Makita 18V Lxt Battery Repair

Can You Use Any Charger With Any Cell Phone, Notebook, Camera, or Tablet? 

Every mobile phone, laptop, and tablet seem to come with their own charger.  If you are like me, you’ve probably compiled a number of chargers through the years.  So the question becomes: is it safe to use a charger with your phone, laptop, camera, or tablet computer that is not the original manufacturer’s charger which came with the device?

Types of Chargers

In this article, we’ll concentrate on three types of chargers: notebook chargers, micro USB chargers (these are used with phones, tablet computers, and cameras), and Apple Lightning Connectors.  While some devices have chargers using a slightly different head or charging cable, these are the most common.

Laptop chargers are rather specific to the device they come with.  However, there may be some generic chargers that boast the capability to be interchanged between laptops.  This always requires changing of this charger”head” and may not be the optimal charging amperage or voltage for your device.

Micro USBs are theoretically designed to be interchangeable, and are standard in most smartphones, Android apparatus, and tablets.  Micro USB chargers typically have the same voltage, but may draw various amps.  I’ll explain this further later and how to know if the charger is safe to use (based on its recorded amps and voltage).

For older devices using a 30-pin charge interface, a connector can be used to control the Lightning Connector.

In order for a charger for use on another device, it’s essential that the plug  of the charger (the”head”) fit snugly to the charging port of the unit.  Micro USBs are the same across the board so far as charging heads, whilst laptop chargers are usually specific to both make and model.  However, the plug fitting firmly is only 1 part of this equation.

Determined by the power brick of the charger you will find a tag with the charger’s voltage (V) and amperage (A).  For other types of chargers, like a smartphone charger, this information is usually located at the base of the charger, in which it would meet up with the wall.  For the device you are attempting to charge, the voltage and amperage required will be found on the battery that came with the device or on the manufacturer’s website.

Voltage is how much power the charger will draw into the apparatus, or just how much is being”pushed” into the device by the charger.  A phone will usually pull up to approximately 5V, though a notebook can pull up to 25V.  A charger must equal the voltage required by the device. 
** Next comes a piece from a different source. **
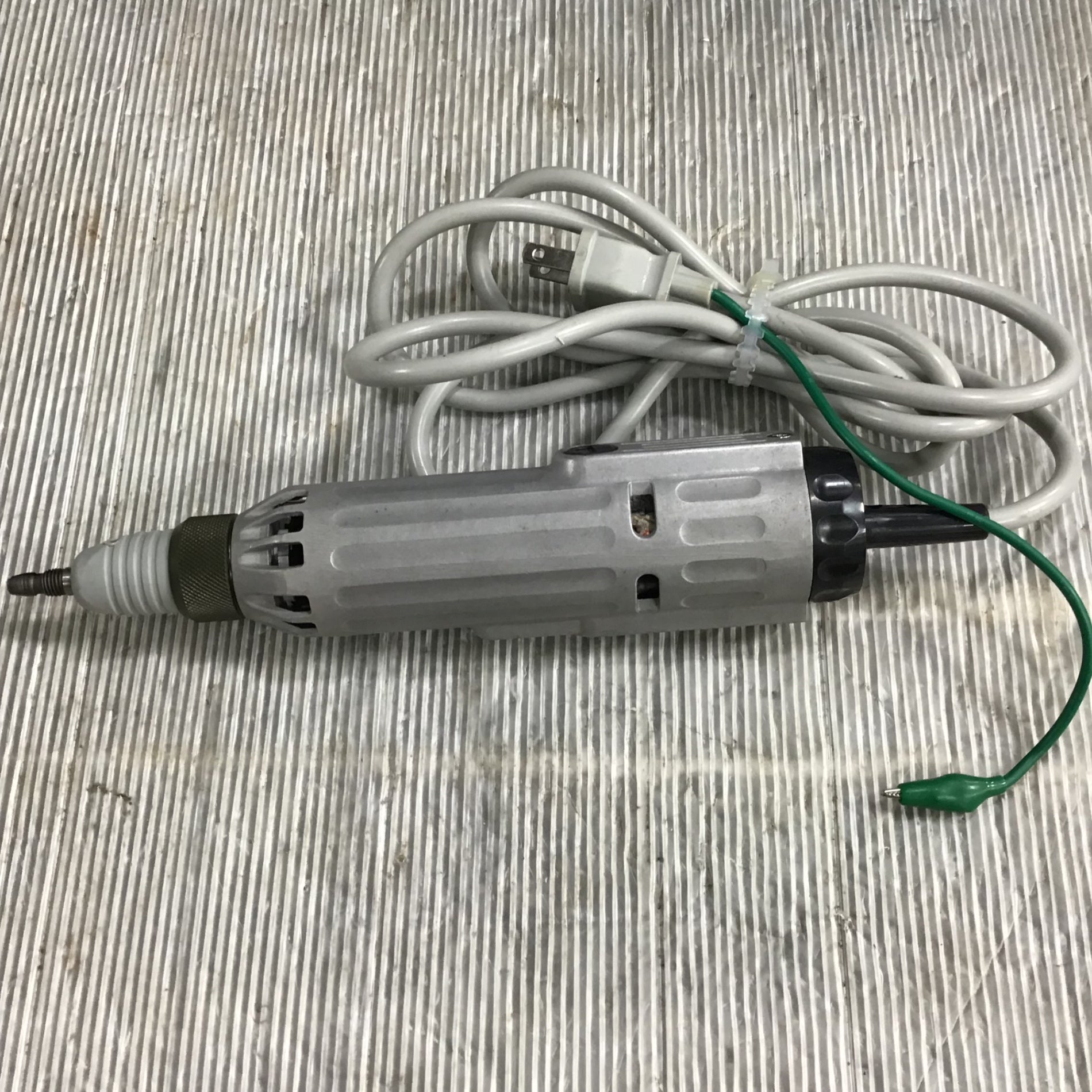 中古】東京オートマック 電動木彫機 ハンドクラフト振動 HCT-30 中古】東京オートマック 電動木彫機 ハンドクラフト振動 HCT-30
Amperage is how quickly power is”pulled” into the device, or how much electricity is used by the device.  The quantity of volts will never change, but the amount of amps that the device pulls may change depending on how hard the unit is working.  The number that you locate on the battery that came with your device will be the maximum amount of amps which may be pulled from the device.  The number found on the charger is how many amps can be pulled simultaneously. In order to exchange chargers, the amp number on the charger must equal or exceed the amp number listed on the device’s battery. If a unit is paired with a charger which can’t support the amp requirement, it may burn out the power source and kill the device.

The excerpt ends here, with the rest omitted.